In den Verhandlungen spielt als Hintergrund auch eine Rolle, dass die Gemeinschaftsaufgabe zur Zusammenarbeit von Bund und Ländern in der Wissenschaft nach Art. 91 b GG 2015 entscheidend erweitert worden ist. Art. 91 b GG bietet jetzt Bund und Ländern neue Möglichkeiten der gemeinsamen Finanzierung. Bund und Länder können auf der Grundlage von einstimmig zu beschließenden Bund-Länder-Vereinbarungen auch Hochschuleinrichtungen und Hochschulen fördern. Eine zeitliche Programmbegrenzung ist dabei rechtlich nicht notwendig. Eine entsprechende Abschaffung des Kooperationsverbots im Bildungsbereich, damit auch im Schulbereich, gibt es bislang nicht – trotz entsprechender Forderungen der Bundes-SPD.

In die Bund-Länder-Finanzdebatte ist ebenso die von vielen Seiten vorgeschlagene neue Gemeinschaftsaufgabe von Bund, Ländern und Kommunen für die Integrationsfinanzierung einzubeziehen. Wie ist der Stand der Verhandlungen zur Neuordnung der Bund-Länder- Finanzbeziehungen auch mit Blick auf die Wissenschaftsförderung und die Integrationsfinanzierung zu beurteilen? Wer gehört nach dem jetzt vorliegenden Verhandlungsstand zu den „Gewinnern“ und wer zu den „Verlierern“?
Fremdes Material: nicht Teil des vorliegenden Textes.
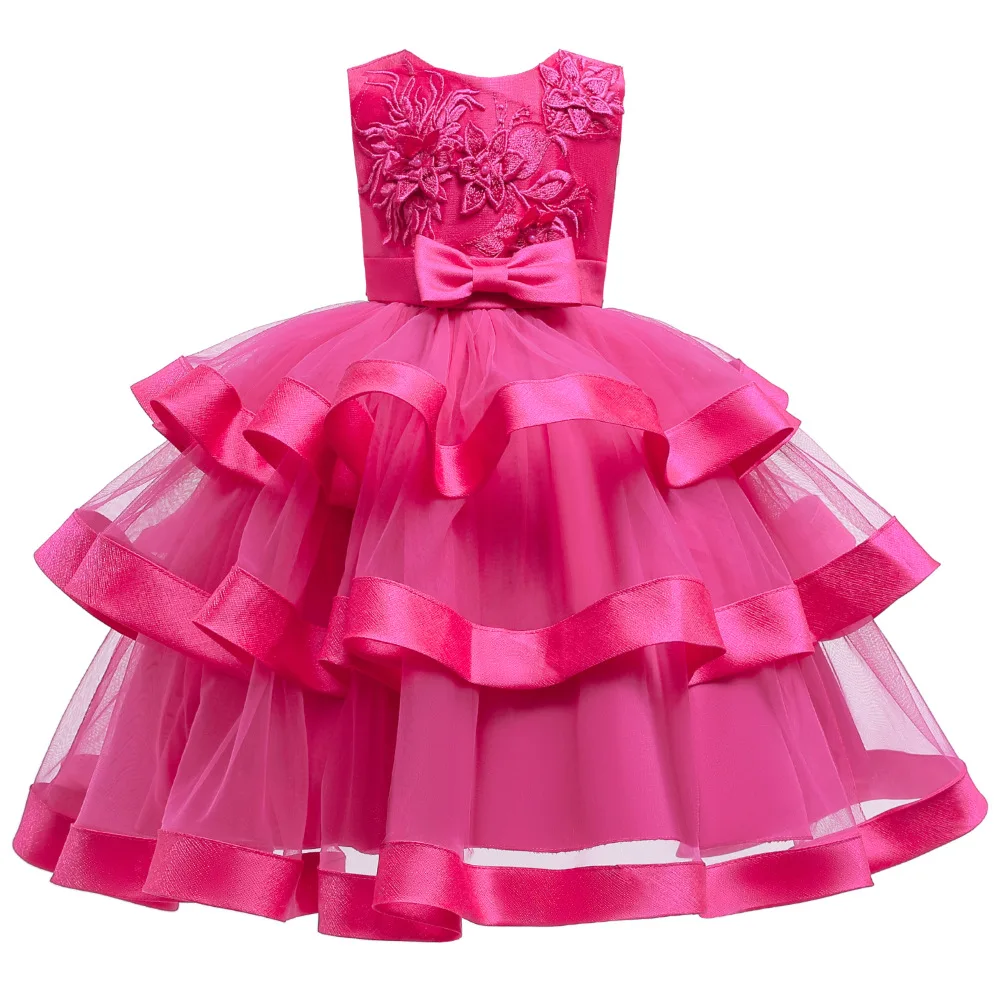 

Children Clothing New Years Christmas Dress Vestidos Costume New Baby Girls Flower Wedding Party Dresses Bebes Fille Vestodos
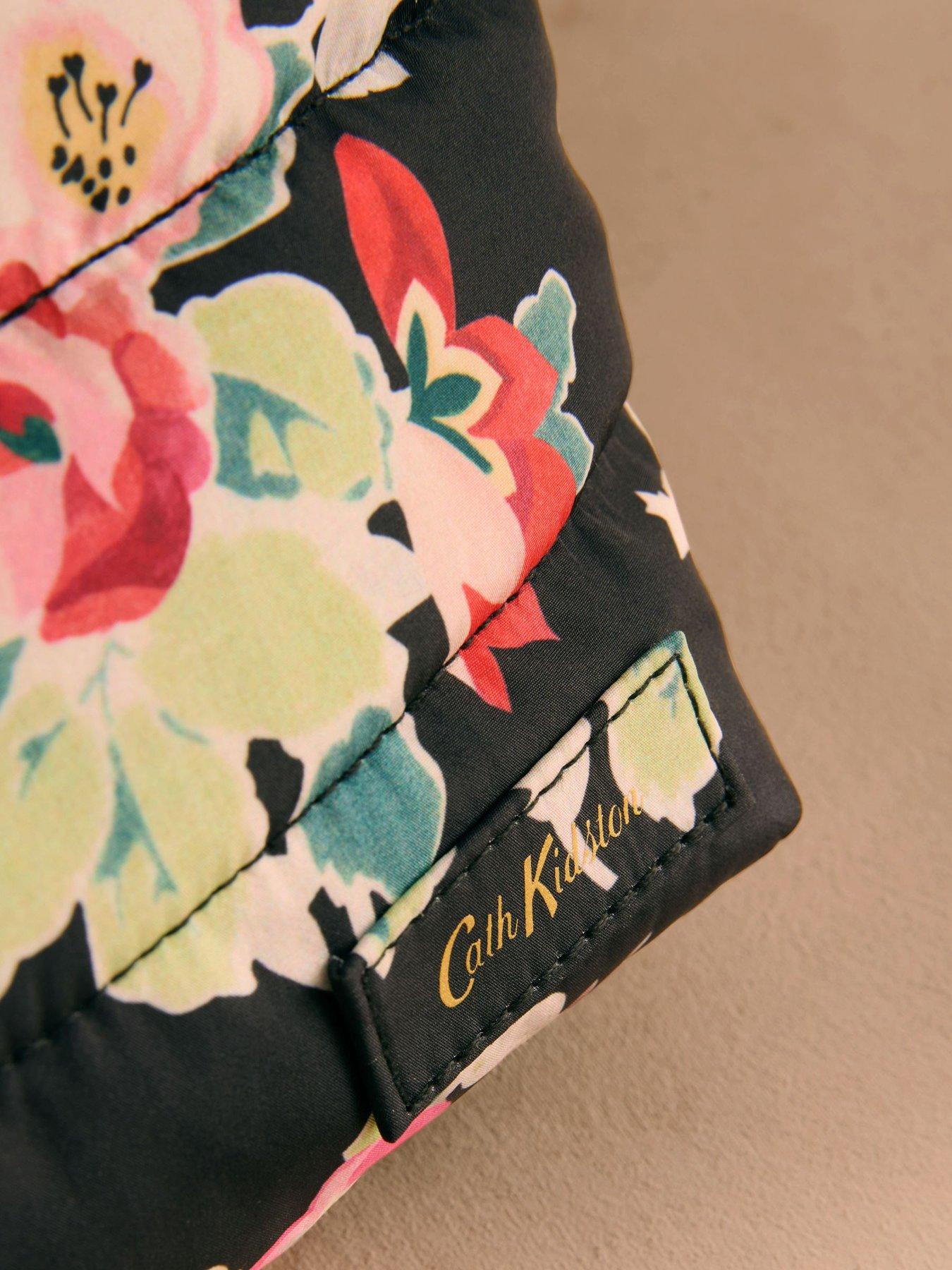 Image 2 of 3 of Cath Kidston Bunches Print Padded Pouch - Black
Zu dieser Veranstaltung entwickelten Volker Bley (Wissenschaftsforum) und Florian Görner (Juso-HSG Potsdam) für das Wissenschaftsforum einige Thesen:

  1. Think global – act local: Dies wäre unsere Anregung zum Umgang mit der Herausforderung der Neuordnung der Finanzbeziehungen zwischen Bund und Ländern im Bereich der Bildung, spezifisch im Bereich der höheren Bildung.
  2. Als Personen erleben wir Bildung individuell. Wir kennen die Bildungsbiographie unserer Familien, den Bildungsstand unserer Eltern, unserer Freunde, Geschwister, Cousinen und Cousins. Womöglich auch die der Kinder unserer Freunde, unserer Nichten und Neffen oder unserer Kinder. Wir wissen um die Bedeutung von Bildung und Ausbildung für die soziale und gesellschaftlich Positionierung von Individuen in unserer Gesellschaft, für die Fähigkeit auch zur Teilhabe am Diskurs in einer demokratisch organisierten Gesellschaft, für das Verständnis der damit zusammenhängenden Prozesse. Wir wissen auch um die individuelle Bedeutung von Bildung für gelungene Integration. Individuelle Bildungsbiografien sind gesellschaftliche Treiber.
  3. Bei den Verhandlungen um die Neuordnung der Bund-Länder-Finanzbeziehungen geht es um gesellschaftliche Entwicklungen und deren Finanzierung. Wir haben erfahren, wie die Ausweitung des Bildungssystems durch die Regierung von Bundeskanzler Willy Brandt erhebliche Kräfte freigesetzt hat, die es unserer Gesellschaft im kalten Krieg ermöglicht hat, sich zu wandeln und zu modernisieren. Neben der Ostpolitik war dies eine der langfristig wirksamsten und wichtigsten Entscheidungen Anfang der 1970er Jahre in der Bundesrepublik. Sie war auch eine Reaktion auf internationale Entwicklungen im Bildungsbereich, von der unsere Gesellschaft noch heute erheblich profitiert, wie die kräftige Entwicklung der Hochschulen seit der Wiedervereinigung deutlich zeigt.
  4. Wir sprechen über einen Bereich, der sich fiskalisch mächtig darstellt. Vier Fünftel des Bildungsbudgets werden derzeit durch die öffentliche Hand finanziert. Das waren 2012 knapp 145 Mrd. Euro. Von den direkten Bildungsausgaben (2012: 112 Mrd. Euro) wurden 71,9 % durch die Länder getragen, 7% vom Bund und 21 % von den Gemeinden.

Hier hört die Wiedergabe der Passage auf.